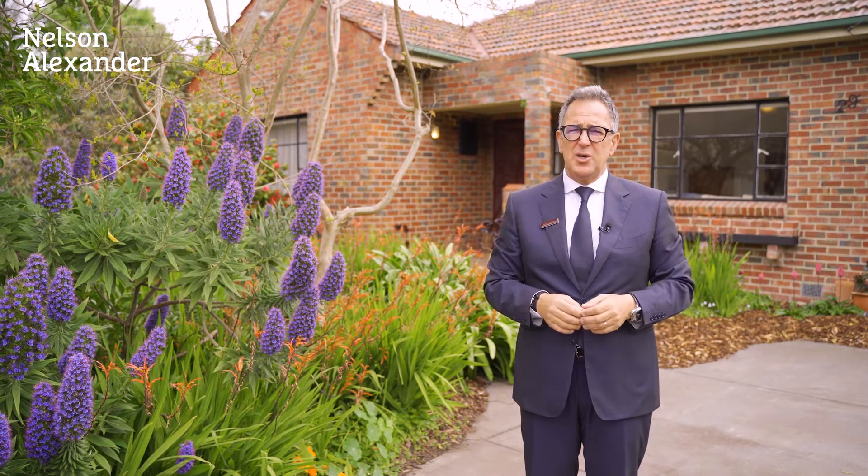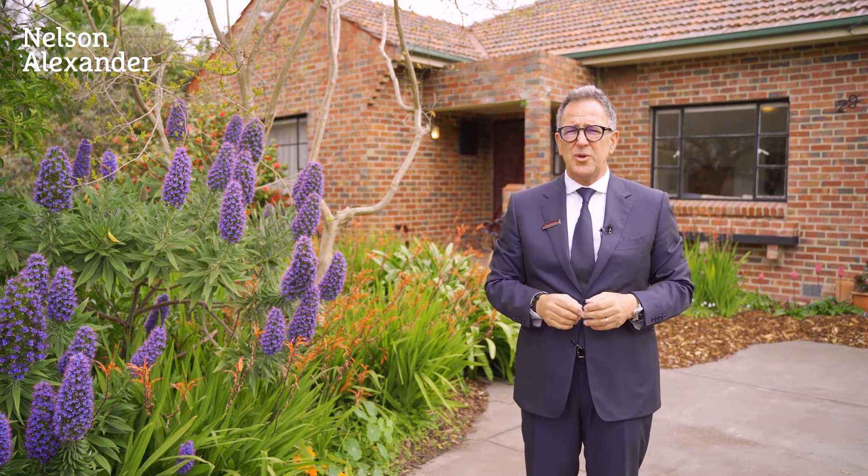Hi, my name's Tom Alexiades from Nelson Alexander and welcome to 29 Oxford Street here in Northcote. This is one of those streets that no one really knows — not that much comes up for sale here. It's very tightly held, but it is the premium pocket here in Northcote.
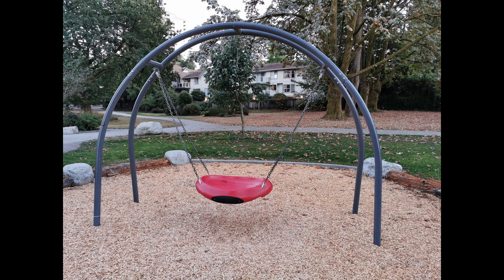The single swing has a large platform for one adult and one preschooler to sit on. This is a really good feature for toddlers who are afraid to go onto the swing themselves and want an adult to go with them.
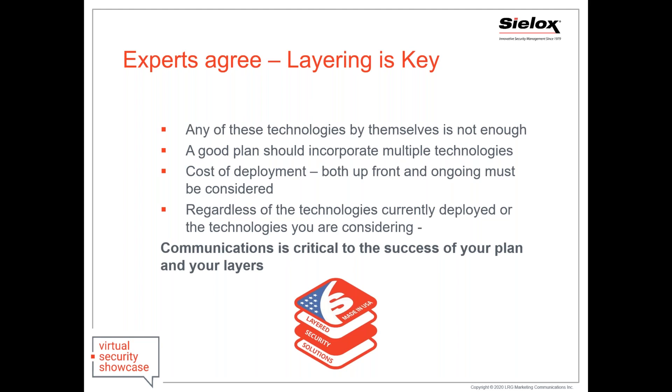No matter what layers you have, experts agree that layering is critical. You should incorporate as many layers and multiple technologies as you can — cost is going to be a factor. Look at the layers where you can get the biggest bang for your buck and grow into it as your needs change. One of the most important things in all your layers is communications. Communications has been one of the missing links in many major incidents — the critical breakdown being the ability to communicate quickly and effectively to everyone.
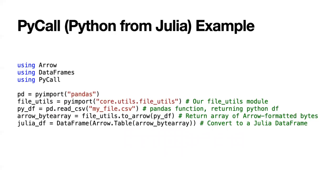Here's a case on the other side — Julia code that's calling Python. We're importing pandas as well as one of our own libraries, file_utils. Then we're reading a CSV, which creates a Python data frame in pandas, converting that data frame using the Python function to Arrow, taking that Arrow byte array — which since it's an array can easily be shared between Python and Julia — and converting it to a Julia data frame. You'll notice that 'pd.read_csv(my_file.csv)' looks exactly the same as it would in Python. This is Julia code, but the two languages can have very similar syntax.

WHAT YOU WILL DO. Nothing but the pictures should be left out when the listing is repeated exactly.

RESULT OF THIS TASK.
Hi, my name's Tom Alexiades from Nelson Alexander and welcome to 29 Oxford Street here in Northcote. This is one of those streets that no one really knows — not that much comes up for sale here. It's very tightly held, but it is the premium pocket here in Northcote.
The single swing has a large platform for one adult and one preschooler to sit on. This is a really good feature for toddlers who are afraid to go onto the swing themselves and want an adult to go with them.
No matter what layers you have, experts agree that layering is critical. You should incorporate as many layers and multiple technologies as you can — cost is going to be a factor. Look at the layers where you can get the biggest bang for your buck and grow into it as your needs change. One of the most important things in all your layers is communications. Communications has been one of the missing links in many major incidents — the critical breakdown being the ability to communicate quickly and effectively to everyone.
Here's a case on the other side — Julia code that's calling Python. We're importing pandas as well as one of our own libraries, file_utils. Then we're reading a CSV, which creates a Python data frame in pandas, converting that data frame using the Python function to Arrow, taking that Arrow byte array — which since it's an array can easily be shared between Python and Julia — and converting it to a Julia data frame. You'll notice that 'pd.read_csv(my_file.csv)' looks exactly the same as it would in Python. This is Julia code, but the two languages can have very similar syntax.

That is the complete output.